A juvenile sperm whale washed ashore this week in Italy, where it was was discovered to have a stomach full of plastic waste.
Giorgia Monti, Greenpeace Italy's campaign manager, said in a statement that it was unclear if the plastic had been the primary cause of the whale's death but added that it could not be ignored as a factor.
"There are five sperm whales beached in the last five months on the Italian coasts," she said, according to a translation. "In the stomach of the pregnant female found in March in Sardinia, even 22 kilograms of plastic were found. The sea is sending us a cry of alarm, a desperate SOS. We must intervene immediately to save the wonderful creatures that inhabit it."
"The investigations have just begun and we do not yet know if he has died for this, but we cannot certainly pretend that nothing is happening," Monti continued.
Whales have washed up around the world with stomachs full of plastic in recent months. In the Philippines, a whale with nearly 90 pounds of plastic in its stomach washed ashore in March.

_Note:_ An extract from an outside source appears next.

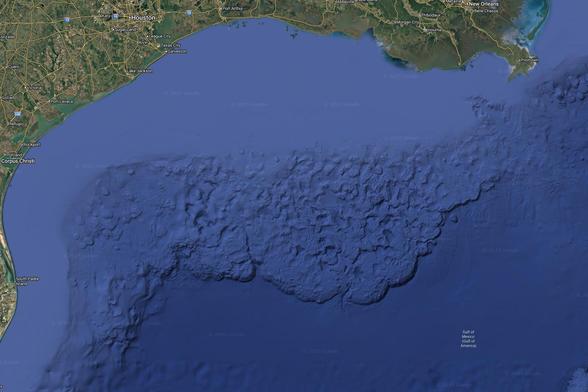 Fondo marino del Golfo de México, mostrando "salt canopies". La etiqueta dice "Gulf of Mexico (Gulf of America)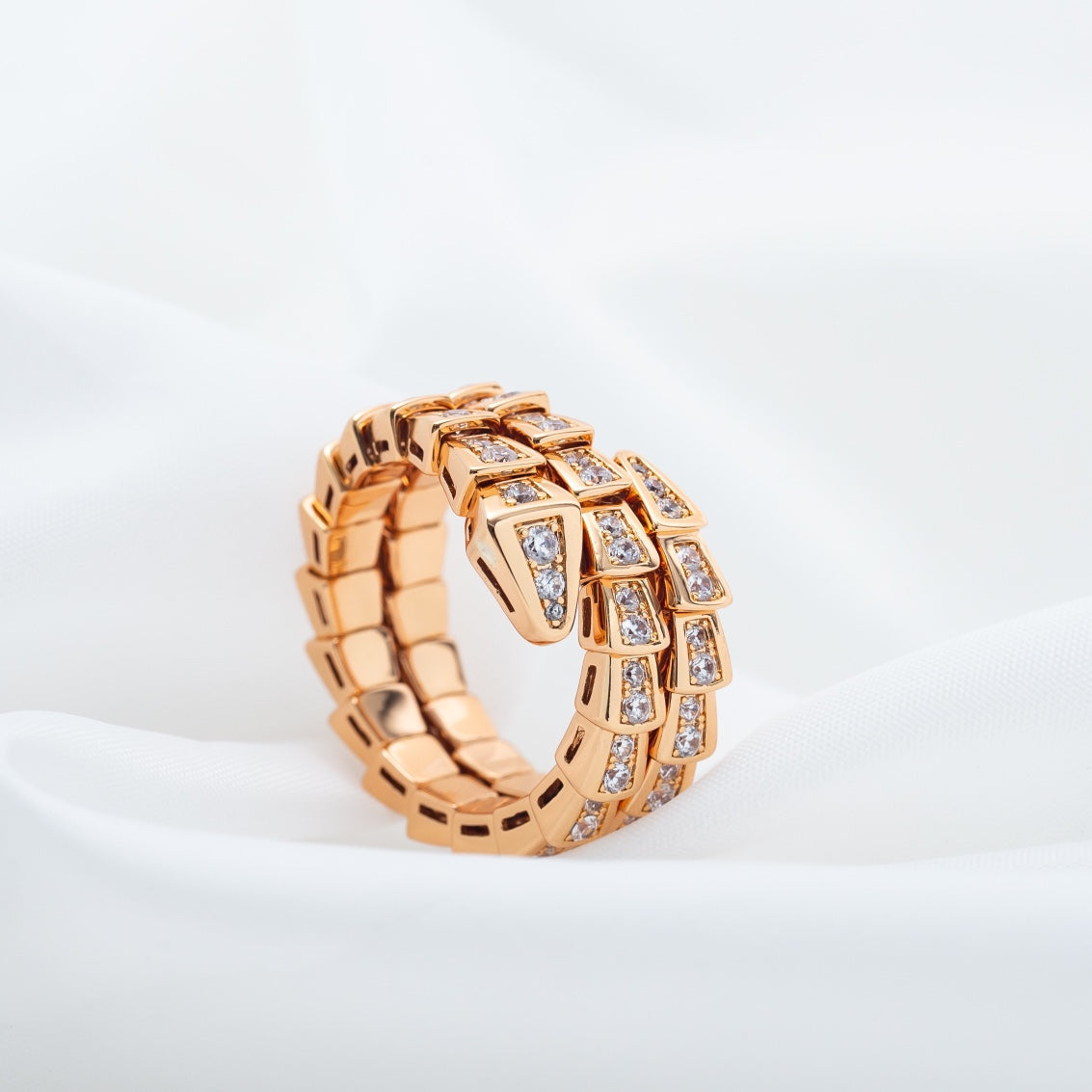 [Renovia Jewelry]SERPENTI RING PINK GOLD DIAMOND DOUBLE ROW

"I was not prepared for the amount of plastic. 40 kilos [88 pounds] roughly of rice sacks, grocery bags, banana plantation bags, and general plastic bags," one scientist said at the time of the discovery. "Sixteen rice sacks total. It was so big, the plastic was beginning calcification."
Governments across the world and some businesses have reacted in response to such reports with efforts to limit or ban single-use plastics such as straws, lids and utensils.